Mal wieder DX11 als reine "Werbeplattform" missbraucht. Das Spiel profitiert nun wirklich so gut wie garnicht von DX11. Im Gegenteil. Alles wird langsamer und instabiler. Von mir aus koennen wir gerne noch 3-4 Jahre bei DX9 bleiben. Damit ist genauso (fast) alles moeglich.


----------



## Predator91 (24. November 2011)

@Phone83
Du könntest beim schreiben schon auf deine Rechtschreibung achten.

@Topic
Kann die Spieler dich sich damit jetzt ärgern vollkommend verstehen. Zuerst sollte das Spiel am 18. November erscheinen, also um einiges später als auf den Konsolen, dann wird der Release-Termin sogar noch um eine Woche verschoben, da muss die PC-Version einfach optimiert sein. Ich kann es verstehen wenn es noch ein paar kleine Bugs gibt, aber das man nicht unter DX11 spielen kann, obwohl damit viel Werbung gemacht wird, dass geht so garnicht. Zum Glück habe ich Skyrim, da kann ich noch ne ganze weile auf Batman warten. Denn so lange es nicht ohne Probleme spielbar ist, so wie der erste Teil, wird es nicht gekauft.


----------



## kamelle (24. November 2011)

Hmm... ich habe gerade eine Nachricht bekommen, dass der Publisher meinem Händler angeblich mitgeteilt hat, dass sich der Release der Steelbook-Edition bis zum 02.12.11 verzögert.
Kann das jemand bestätigen oder dementieren?


----------



## X3niC (24. November 2011)

Predator91 schrieb:


> @Phone83
> Du könntest beim schreiben schon auf deine Rechtschreibung achten.

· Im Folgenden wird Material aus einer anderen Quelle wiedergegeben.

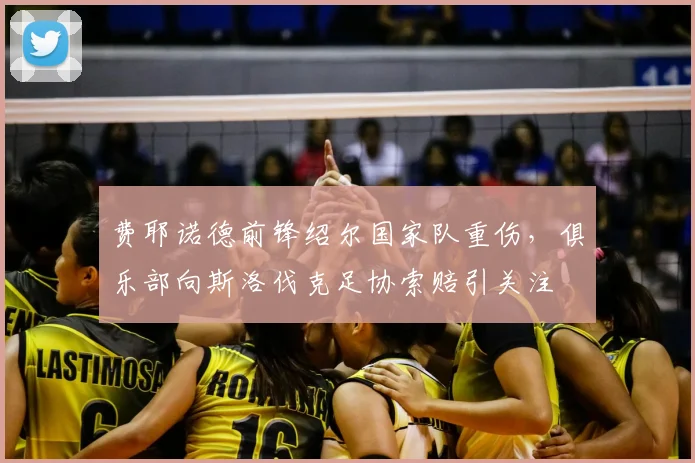 费耶诺德前锋绍尔国家队重伤，俱乐部向斯洛伐克足协索赔引关注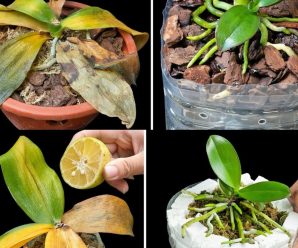 Parece casi imposible, pero es todo cierto: resucita tus plantas muertas con esta Solución de Reanimación Vegetal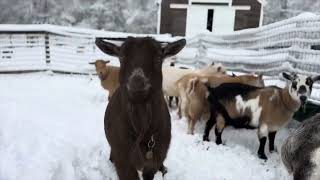 Goats venture out into first snowy morning [upl. by Uriah]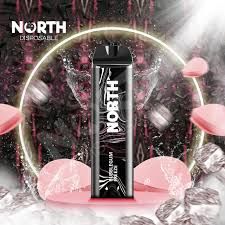 5% NORTH 5K PUFFS BUBBLE GUM FREEZE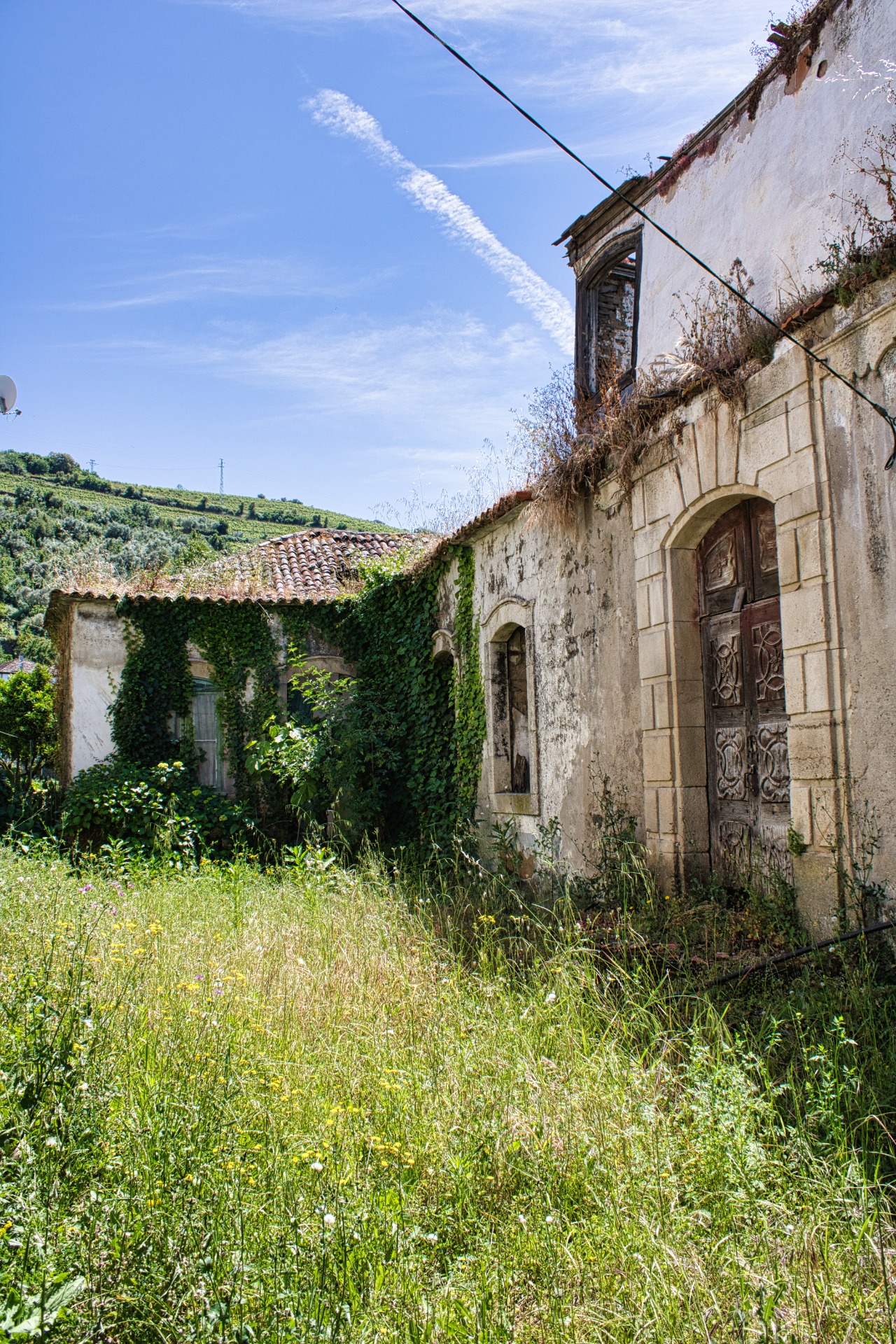 Presegueda | Fernando Morais | 2024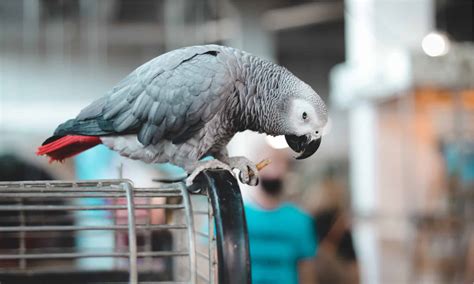 The Best Parrot Cages Reviewed And Ranked A Z Animals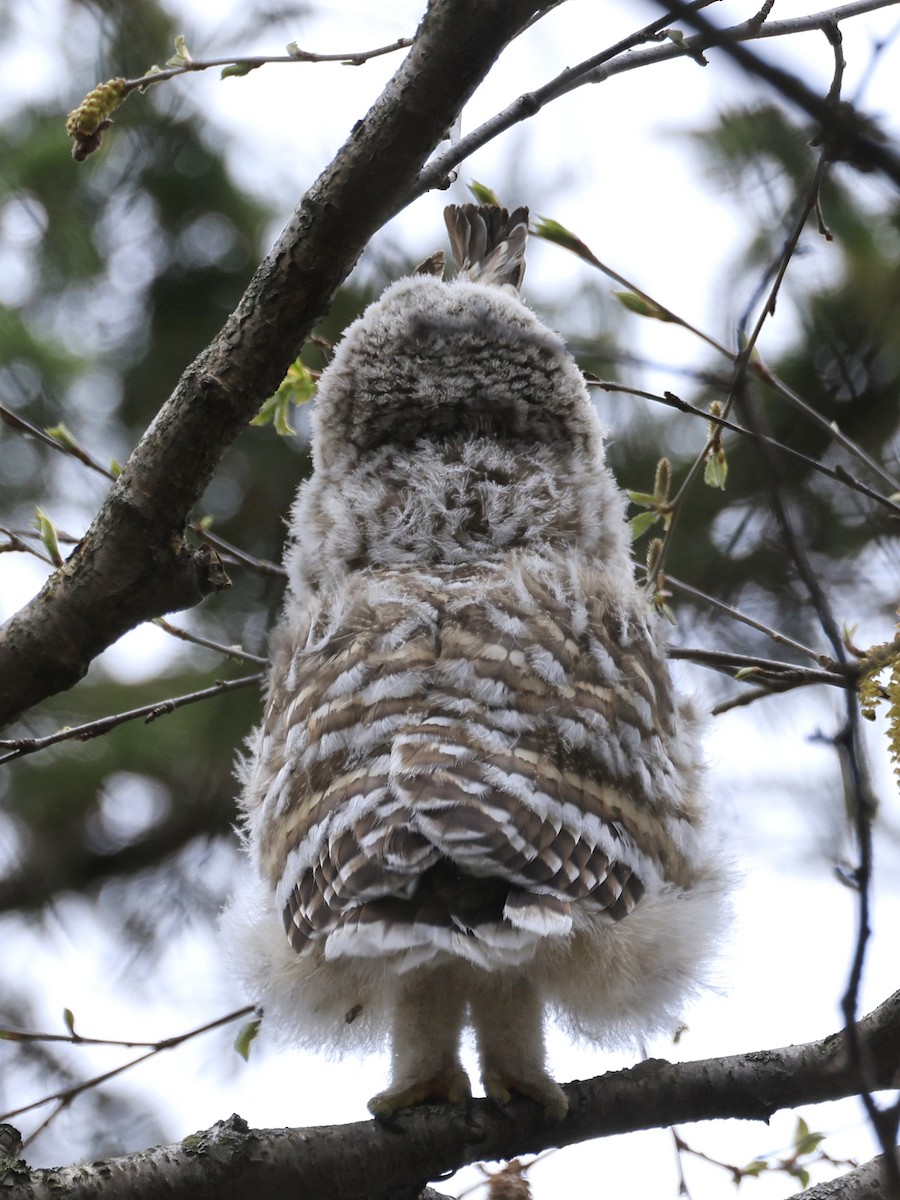 Barred Owl - ML635389258
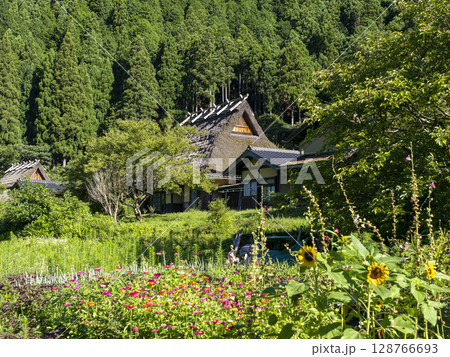 茅葺き屋根の古民家が建ち並ぶ美山かやぶきの里の風景 128766693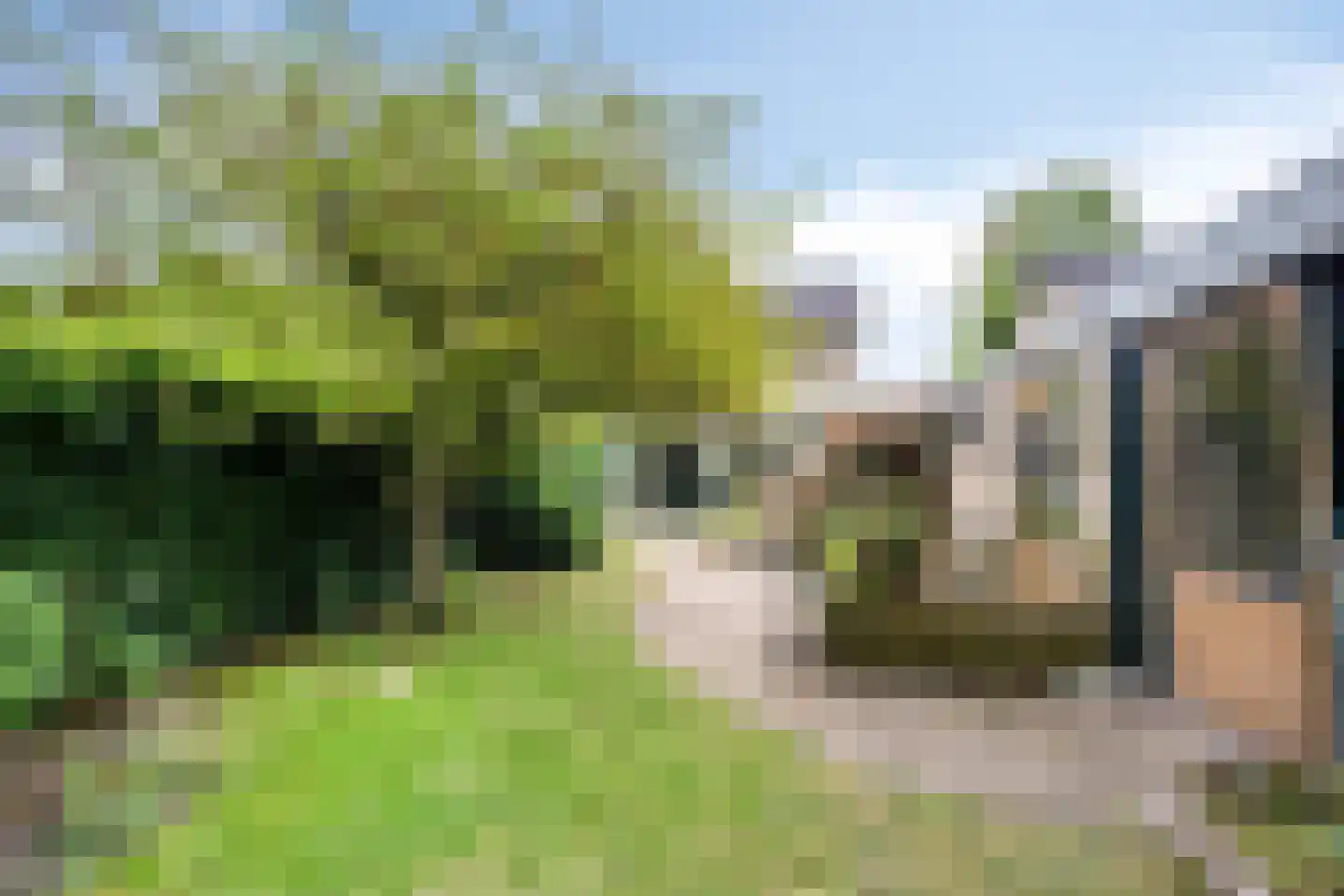 Berkenlaan 25 Peize thumbnail 37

 Ich glaube das ist n Akzent^^ Soweit ich das lese.


----------



## xNomAnorx (24. November 2011)

kamelle schrieb:


> Hmm... ich habe gerade eine Nachricht bekommen, dass der Publisher meinem Händler angeblich mitgeteilt hat, dass sich der Release der Steelbook-Edition bis zum 02.12.11 verzögert.
> Kann das jemand bestätigen oder dementieren?


 
Von einer erneuten Verschiebung hab ich nichts gehört.
bei meinem Steelbook steht "Versand in Kürze". Hab mich allerdings schon gewundert, eigentlich sollte es morgen bei mir eintrudeln.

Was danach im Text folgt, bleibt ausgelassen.